Gcina Mhlophe (1959 – ) Born in Hammarsdale, KwaZulu-Natal, Mhlophe now lives in Durban. Gcina Mhlophe has been writing and performing on stage and screen for many decades years. She has written many children’s books as well as adult audience poetry, short stories and plays. She produced and performed on a CD for children with Ladysmith Black Mambazo. She has written music for the SABCTV series Gcina & Friends where she performed her own stories for television audiences. In 2000 she released an award-winning storytelling CD called Fudukazi’s Magic for German audiences.
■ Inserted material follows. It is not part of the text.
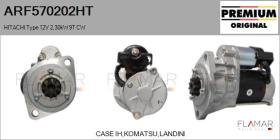 HITACHI ARF570202HT - ARR NUEVO ORIG. HITACHI Type 12V 2,30kW 9T CW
She has also written both story and music in collaboration with guitarist, Bheki Khoza, for the Animated Tales of the World TV series.

In 2001 her CD and book of Nozincwadi Mother of Books was produced as part of her nationwide reading road show to South African rural schools and in 2023 she made the book accessible as a video in Sign Language. Her work has received awards from BBC Africa Service for Radio Drama, The Fringe First Award in the Edinburgh Festival, the Josef Jefferson Award in Chicago, and OBBIE in New York.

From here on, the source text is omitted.